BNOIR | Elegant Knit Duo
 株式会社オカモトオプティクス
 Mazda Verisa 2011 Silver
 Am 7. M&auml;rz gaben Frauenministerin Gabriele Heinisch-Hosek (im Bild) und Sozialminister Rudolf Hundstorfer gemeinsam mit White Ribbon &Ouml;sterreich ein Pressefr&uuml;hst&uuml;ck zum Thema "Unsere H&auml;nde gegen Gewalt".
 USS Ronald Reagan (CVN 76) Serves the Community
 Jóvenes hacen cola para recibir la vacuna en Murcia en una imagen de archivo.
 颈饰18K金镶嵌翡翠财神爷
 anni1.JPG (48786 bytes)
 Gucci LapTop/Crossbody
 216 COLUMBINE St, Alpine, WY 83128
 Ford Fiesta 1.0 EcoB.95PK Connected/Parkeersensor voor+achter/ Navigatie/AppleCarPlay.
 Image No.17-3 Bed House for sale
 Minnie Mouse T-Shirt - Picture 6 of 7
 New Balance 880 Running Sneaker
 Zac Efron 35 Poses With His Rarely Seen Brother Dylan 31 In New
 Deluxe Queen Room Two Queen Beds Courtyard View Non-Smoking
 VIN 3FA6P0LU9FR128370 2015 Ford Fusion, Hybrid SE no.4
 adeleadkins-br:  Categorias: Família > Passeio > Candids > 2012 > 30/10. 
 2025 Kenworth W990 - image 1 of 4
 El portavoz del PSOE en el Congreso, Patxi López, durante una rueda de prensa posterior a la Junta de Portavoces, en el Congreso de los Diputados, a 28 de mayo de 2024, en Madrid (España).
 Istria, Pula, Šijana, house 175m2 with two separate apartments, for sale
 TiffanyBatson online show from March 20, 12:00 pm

·····

_Exercise requirements_. Which lines in the material contain the word "sale"? Pull each of them out.

_Task solution_.
 Image No.17-3 Bed House for sale
 Istria, Pula, Šijana, house 175m2 with two separate apartments, for sale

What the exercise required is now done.